Pictures with short captions:

⟨

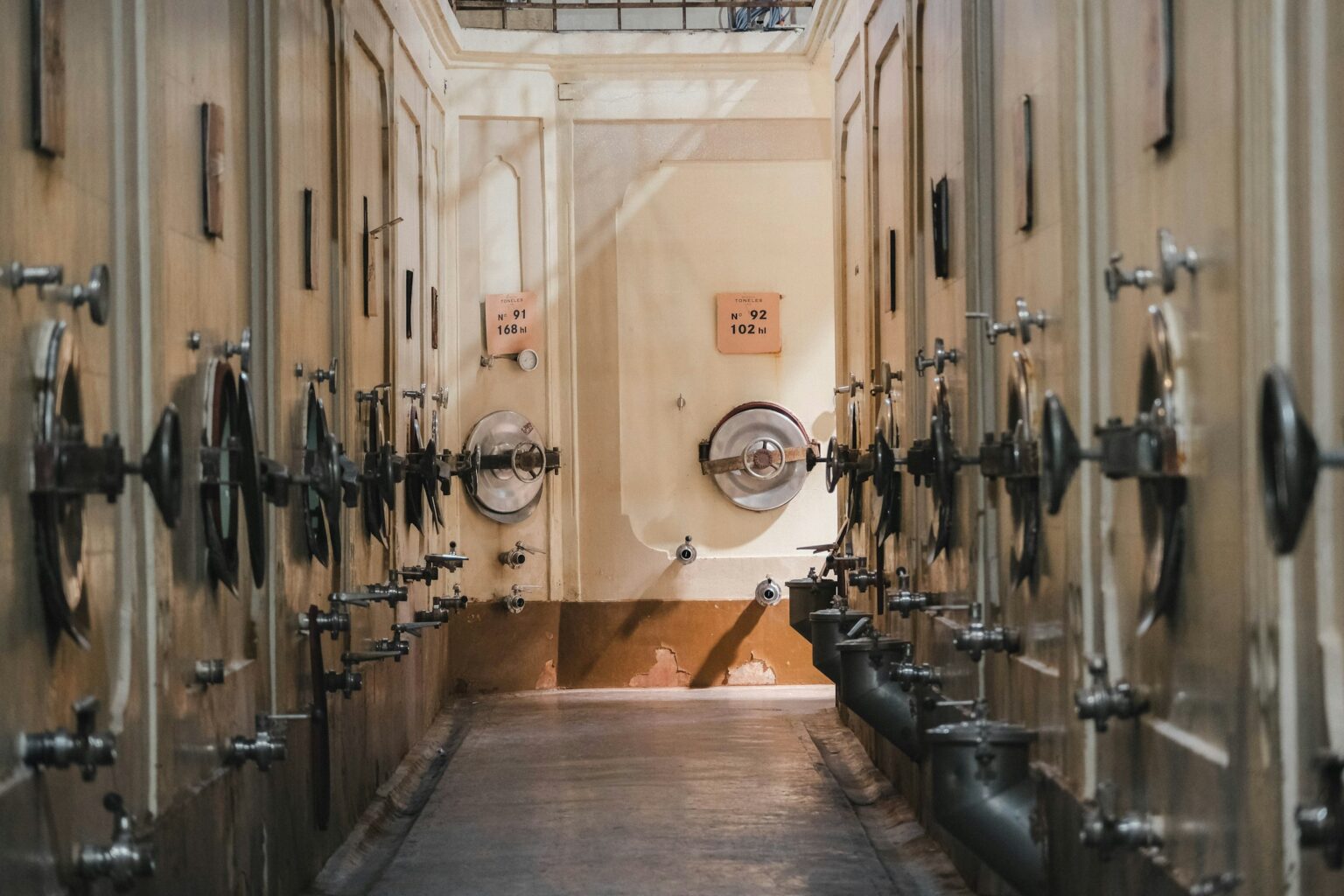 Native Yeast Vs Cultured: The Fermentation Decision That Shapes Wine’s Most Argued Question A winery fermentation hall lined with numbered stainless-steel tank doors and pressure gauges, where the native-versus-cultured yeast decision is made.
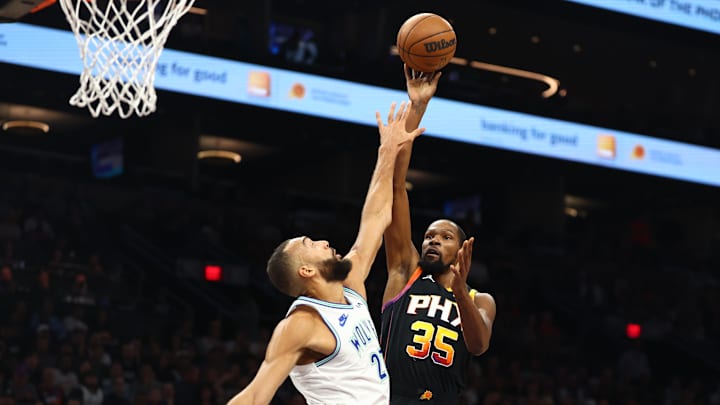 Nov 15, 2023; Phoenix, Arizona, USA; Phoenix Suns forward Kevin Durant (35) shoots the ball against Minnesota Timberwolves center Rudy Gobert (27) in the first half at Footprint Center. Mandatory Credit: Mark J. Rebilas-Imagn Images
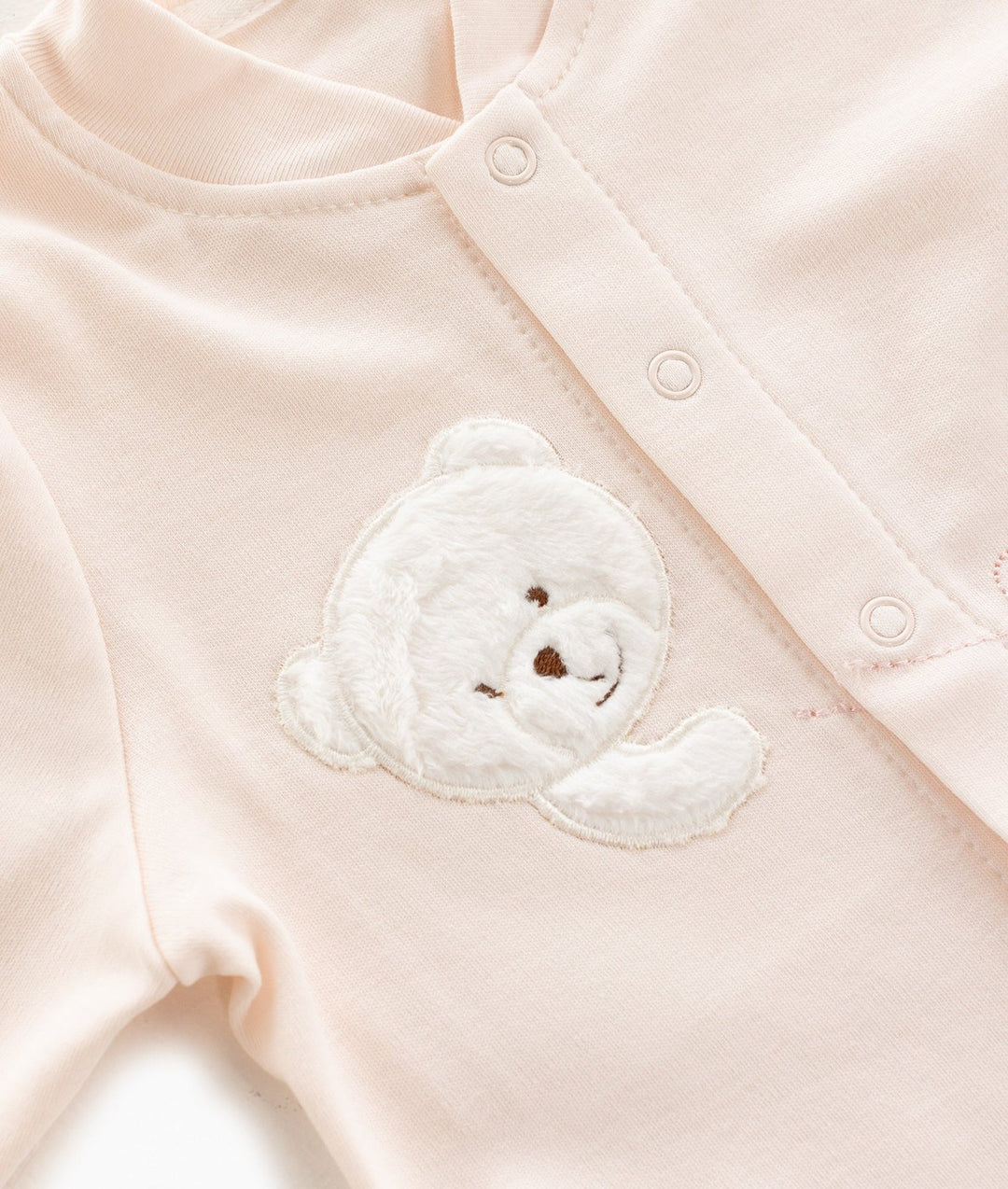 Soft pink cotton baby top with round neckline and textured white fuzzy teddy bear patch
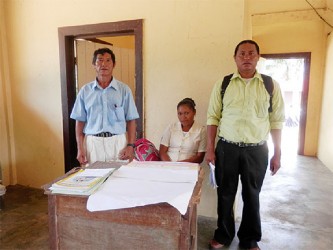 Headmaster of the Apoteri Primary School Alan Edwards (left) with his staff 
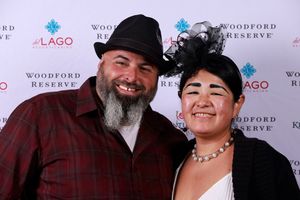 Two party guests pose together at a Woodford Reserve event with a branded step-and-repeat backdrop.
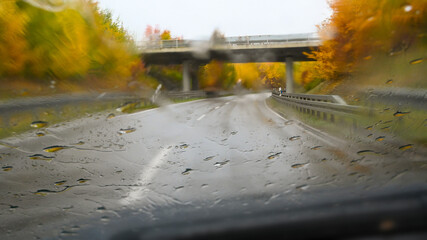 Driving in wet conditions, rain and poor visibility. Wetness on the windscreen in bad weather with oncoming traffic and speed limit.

⟩

■ **Your task**: Return the line containing "Nov 15, 2023;" and every line after it through the end of the records above, exactly and nothing else, but not the pictures.

■ **Result of the task**:
 Nov 15, 2023; Phoenix, Arizona, USA; Phoenix Suns forward Kevin Durant (35) shoots the ball against Minnesota Timberwolves center Rudy Gobert (27) in the first half at Footprint Center. Mandatory Credit: Mark J. Rebilas-Imagn Images
 Soft pink cotton baby top with round neckline and textured white fuzzy teddy bear patch
 Headmaster of the Apoteri Primary School Alan Edwards (left) with his staff 
 Two party guests pose together at a Woodford Reserve event with a branded step-and-repeat backdrop.
 Driving in wet conditions, rain and poor visibility. Wetness on the windscreen in bad weather with oncoming traffic and speed limit.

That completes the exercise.